Des trous noirs supermassifs pourraient être entourés de grappes de matière noire, suggère une nouvelle technique de cartographie par écho
Des astronomes ont utilisé une technique appelée « cartographie par écho » pour détecter des indices selon lesquels les trous noirs supermassifs, comme le titan cosmique au cœur de la Voie lactée, connu sous le nom de Sagittarius A (Sgr A), sont entourés de nuages denses et de grappes de matière noire. Cette recherche pourrait nous en apprendre davantage sur cette substance mystérieuse et les environnements qui entourent ces trous noirs supermassifs.
La matière noire est la substance la plus mystérieuse de l’univers, dépassant la matière ordinaire dans le cosmos par un ratio de cinq à un, tout en restant effectivement invisible car elle n’interagit pas avec le rayonnement électromagnétique, y compris la lumière. Les scientifiques ne peuvent inférer la présence de matière noire que par son interaction avec la gravité et l’impact que cette interaction a sur les objets faits de matière traditionnelle, comme les étoiles. Par exemple, l’effet gravitationnel de la matière noire permet aux étoiles aux bords des galaxies de tourner à des vitesses beaucoup plus élevées que ce que la matière visible permettrait.
L’équipe de recherche a décidé de tester l’influence gravitationnelle de la matière noire au cœur des galaxies, des environnements dominés par des trous noirs supermassifs pouvant avoir des masses de millions, voire de milliards de fois celle du soleil. La matière ordinaire autour de ces trous noirs est souvent très visible, notamment lorsqu’elle spirale dans la gueule de ces titans cosmiques depuis un nuage aplati appelé disque d’accrétion.

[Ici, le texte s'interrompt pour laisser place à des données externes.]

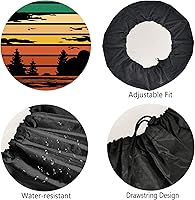 Vista 4 de Fundas de neumáticos de repuesto para remolques, neumáticos retro de bosque para automóviles, resistentes a la intemperie, a prueba de polvo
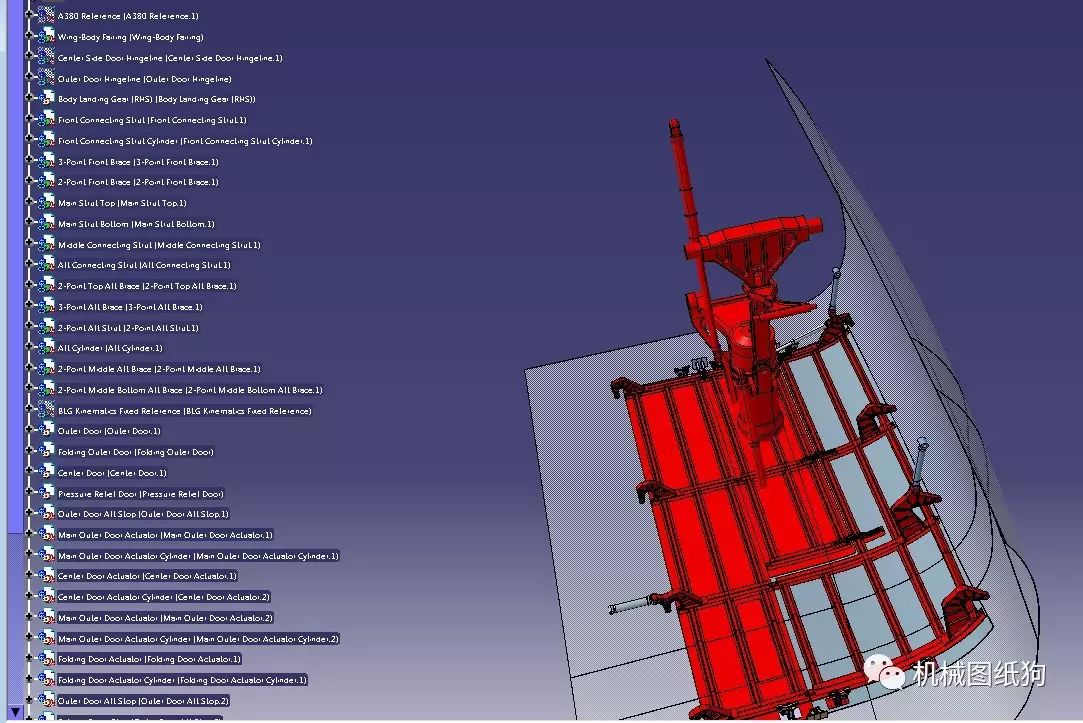 【飞行模型】a380飞机主起落架舱门3d模型图纸 catia v5 r21设计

Cependant, la matière noire ne peut pas être détectée de la même manière, car elle ne ressent pas de friction et ne peut pas émettre ou absorber de lumière.
La matière noire ne peut pas être repérée autour des trous noirs supermassifs, même avec les télescopes les plus avancés, comme le télescope Event Horizon (EHT), qui a capturé des anneaux brillants de matière autour de Sgr A* et d’un trou noir supermassif plus lointain au cœur de la galaxie Messier 87 (M87).
Mayank Sharma, étudiant diplômé en physique à l’Université polytechnique de Virginie, a proposé une solution intéressante pour détecter la matière noire autour des trous noirs supermassifs. Il a suggéré d’utiliser une méthode en astronomie qui permet de mer la distance au gaz environnant en recherchant des échos de lumière. Cette technique, appelée « cartographie par réverbération », est devenue une méthode fiable pour déterminer la masse des trous noirs.
La cartographie par réverbération repose sur le fait que, lorsque la matière tombe dans un trou noir, elle libère une explosion d’énergie qui fait pulser le disque d’accrétion dont elle provient. Cette impulsion de lumière voyage du disque d’accrétion vers le gaz dans l’environnement plus large du trou noir. Ce gaz absorbe cette lumière et pulse également, avec cette impulsion secondaire servant d’écho à la première.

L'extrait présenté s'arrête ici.